Records from a data collection
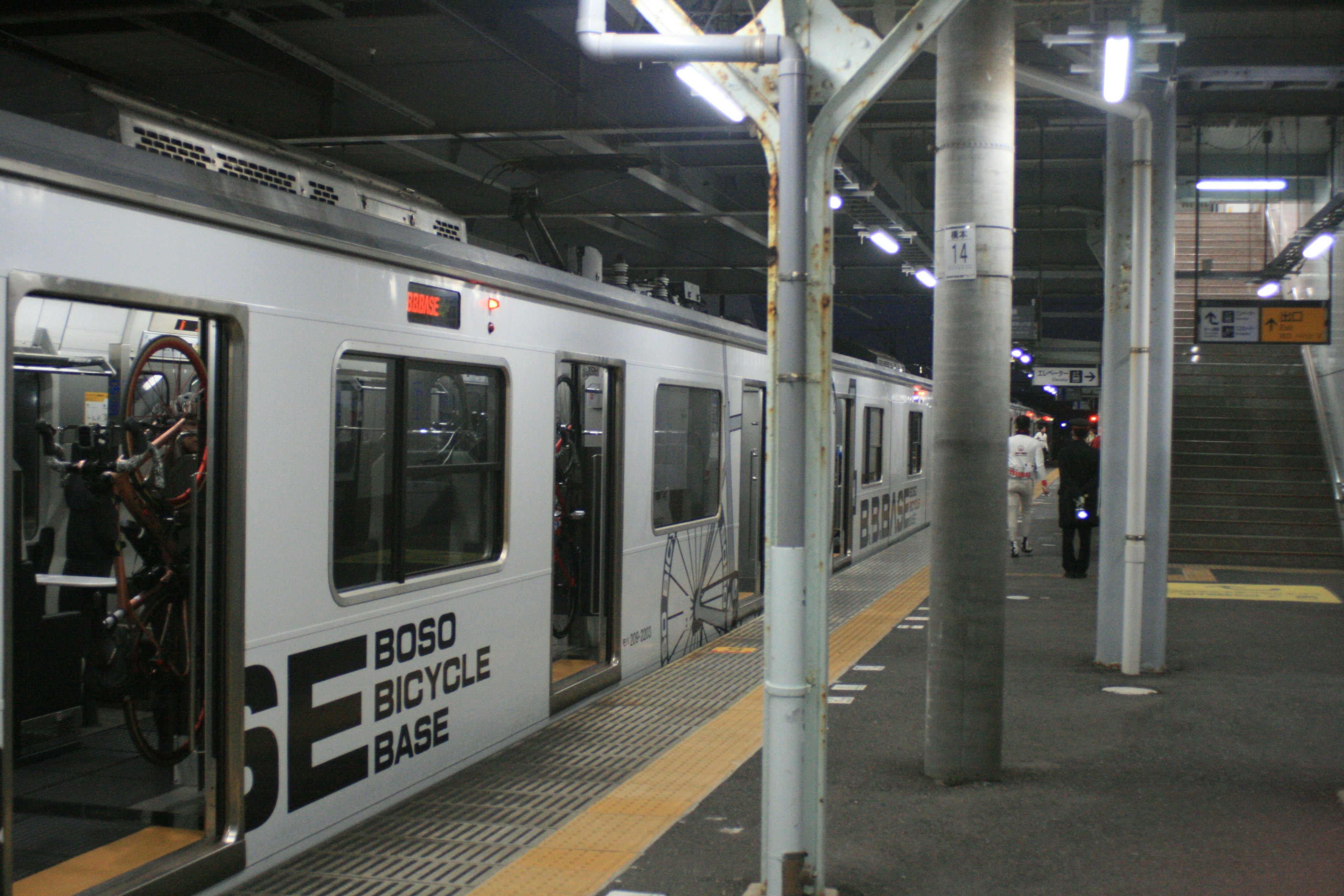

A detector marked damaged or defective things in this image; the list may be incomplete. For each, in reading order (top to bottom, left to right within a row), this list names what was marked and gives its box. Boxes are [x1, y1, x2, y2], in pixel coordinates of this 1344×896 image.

rusty metal pole [924, 0, 1016, 784]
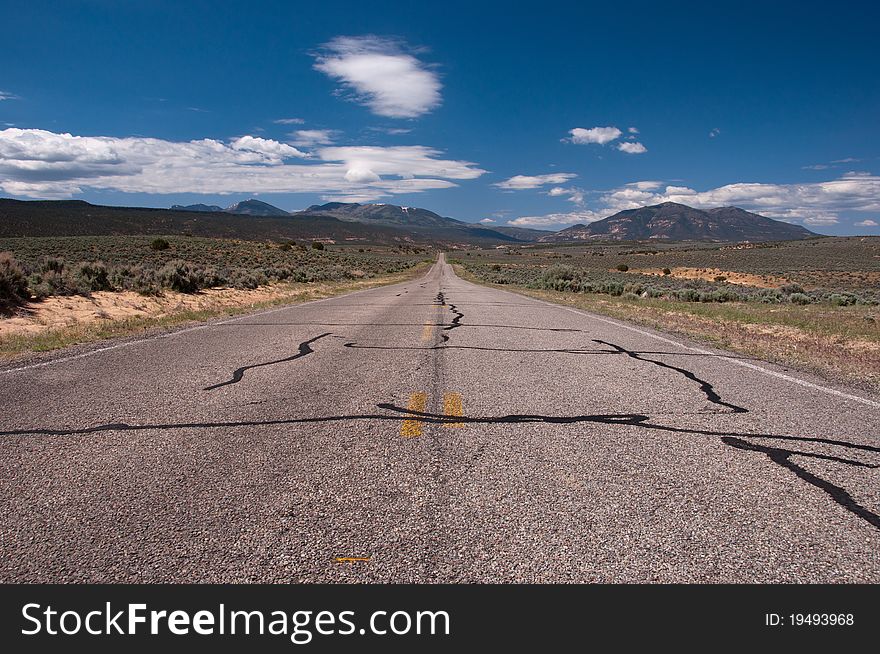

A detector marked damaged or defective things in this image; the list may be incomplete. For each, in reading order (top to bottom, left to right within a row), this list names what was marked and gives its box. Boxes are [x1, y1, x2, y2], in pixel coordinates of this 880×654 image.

cracked asphalt [0, 256, 876, 584]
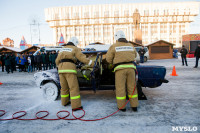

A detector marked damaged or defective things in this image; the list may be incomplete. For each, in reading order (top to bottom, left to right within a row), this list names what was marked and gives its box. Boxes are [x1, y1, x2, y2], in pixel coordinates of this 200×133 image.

crashed vehicle body [34, 51, 169, 101]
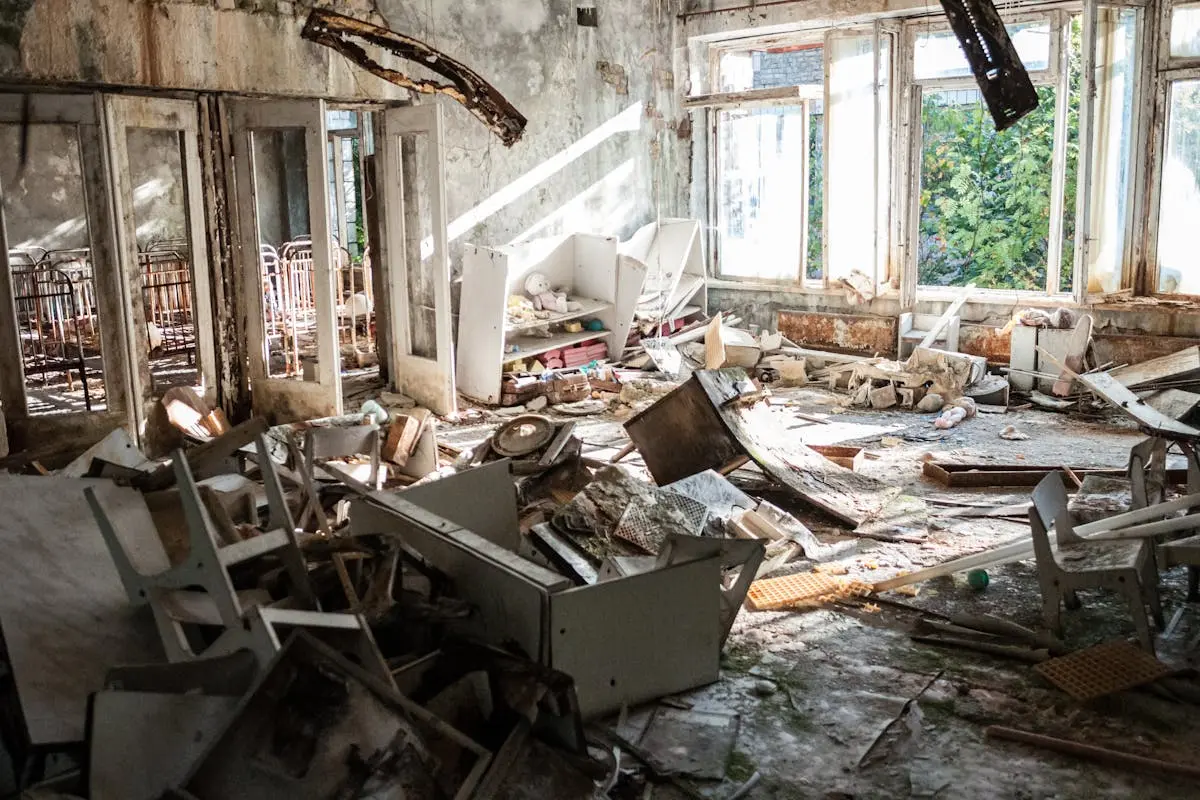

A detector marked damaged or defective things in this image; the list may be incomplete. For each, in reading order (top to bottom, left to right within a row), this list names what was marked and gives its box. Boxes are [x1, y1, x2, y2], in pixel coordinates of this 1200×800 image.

broken furniture piece [300, 9, 524, 145]
broken window frame [700, 31, 828, 288]
broken window frame [896, 9, 1072, 304]
broken furniture piece [460, 233, 648, 406]
broken furniture piece [624, 370, 896, 532]
broken furniture piece [1024, 476, 1160, 648]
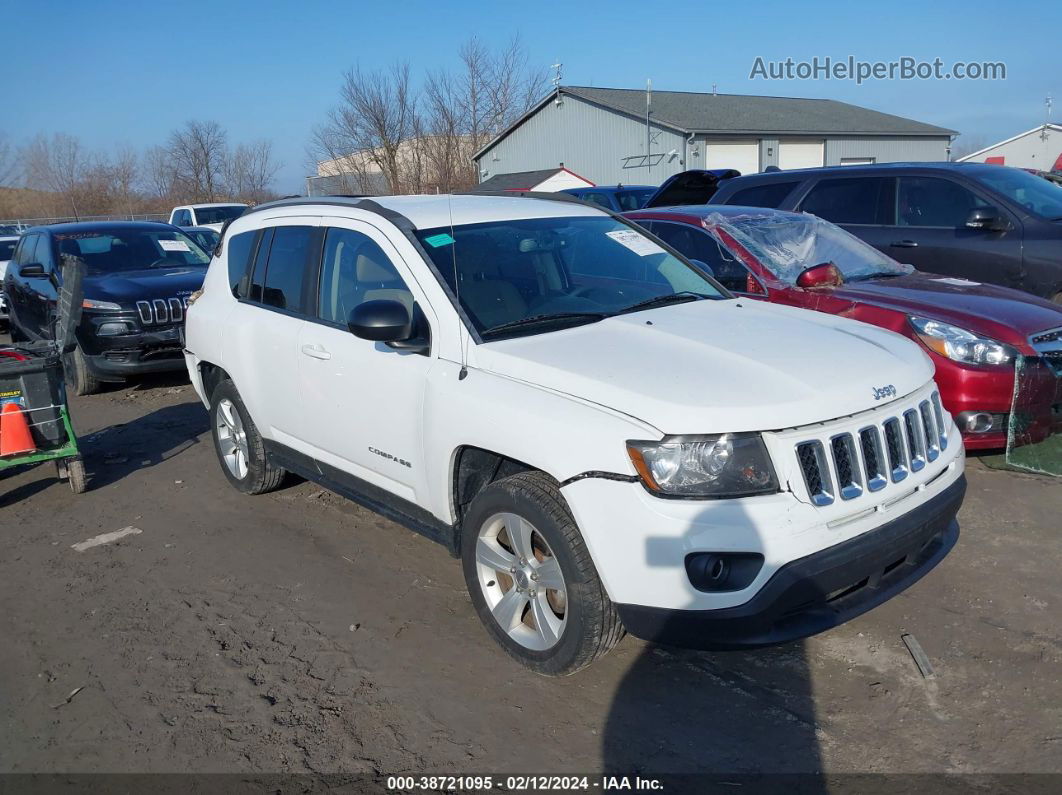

Your instructions
Print the stretch of the data from the line with "this 200×133 image." through its last line, exactly and with both ends kept. Omit pictures.

Task solution
A detector marked damaged or defective things in this image; the list may be incomplete. For each, in reading order (top to bottom, left to right within a row), this list names what was marked and gives its box. Boxes are [x1, y1, x2, y2], in pixel coordinates of this 200×133 image.

crashed vehicle body [34, 51, 169, 101]

A detector marked damaged or defective things in this image; the list may be incomplete. For each, in reading order (top to bottom, left to right within a row), this list names what was marked and gives its box. Boxes are [x1, y1, x2, y2], in pixel coordinates of this 1200×800 image.

broken furniture piece [300, 9, 524, 145]
broken window frame [700, 31, 828, 288]
broken window frame [896, 9, 1072, 304]
broken furniture piece [460, 233, 648, 406]
broken furniture piece [624, 370, 896, 532]
broken furniture piece [1024, 476, 1160, 648]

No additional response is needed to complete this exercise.